Laws allowing discrimination

Florida has a law going into effect in July 1, 2016, allowing clergy to refuse to marry same-sex couples. A Mississippi law permits businesses and clergy to refuse their services to gay and lesbian couples. A similar bill is pending in Missouri. Oklahoma and Texas clergy can also refuse to perform same-sex weddings. In fact, more than a dozen states have enacted or are considering so-called religious liberty statutes that would permit discrimination against LGBT persons.

Proponents of these laws say that clergy should not be forced to perform acts that violate their religious principles and that business owners should not have to provide their services for a celebration they are morally or religiously opposed to.

Federal law prohibits discrimination in public accommodations and employment for protected classes of people. But while race, color, sex, religion, disabilities, and national origin are all protected classes under US law, sexual orientation is not. Thus there is no current federal law that prohibits discrimination against same-sex couples. That leaves individual state laws to deal with the issue of discrimination in public accommodations when it comes to LBGT people. Twenty-one states have enacted laws that prohibit discrimination based on sexual orientation.

What the courts say

Refusals of service have popped up across the country, and many likely go unreported. But others proceed through the legal system, such as the denial by Masterpiece Cakeshop, a Colorado bakery, to provide a cake for a same sex wedding. The court in that case ruled that this refusal was a violation of the state public accommodations law, which prohibits the refusal of services because of sexual orientation. A similar case occurred in Oregon, where that bakery was fined for its refusal.

The right to refuse service

Businesses do have the right to refuse service to people, but they have to do so with a clear policy that is not based on discrimination against protected classes. For example, a bakery can have a policy not to make cakes with derogatory language on them. So a customer who wanted a cake adorned with four-letter vulgarities could be denied service, even if he or she is a member of a protected class, because the discrimination is not based on the customer’s protected-class status.

However, a bakery owner who refuses service to someone because the customer is gay is discriminating based on sexual orientation, even if that refusal stems from the business owner’s personal religious beliefs.  Whether this would be permissible or not would depend on the local or state laws.

What it all means

And so gay couple who want to marry are faced with this: in 21 states, gay and lesbian couples cannot be discriminated against by clergy or businesses.
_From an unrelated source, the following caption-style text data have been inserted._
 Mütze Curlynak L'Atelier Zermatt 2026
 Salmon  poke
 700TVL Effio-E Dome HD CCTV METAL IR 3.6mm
In the other states there is currently no protection. And in a handful of states, such discrimination is fully legalized. How to navigate this patchwork system?

Some people say, “Well you don’t want a pastor to officiate your wedding if he doesn’t support gay marriage,” or “You wouldn’t want a cake made by someone who thinks your marriage is sinful,” or “Who would want flowers arranged by a florist who finds your life repulsive?” And those sentiments are probably true. But now that same-sex marriage is the law of the land, it may be time to consider extending federal anti-discrimination protection to gay and lesbian couples, and simplifying the process for everyone.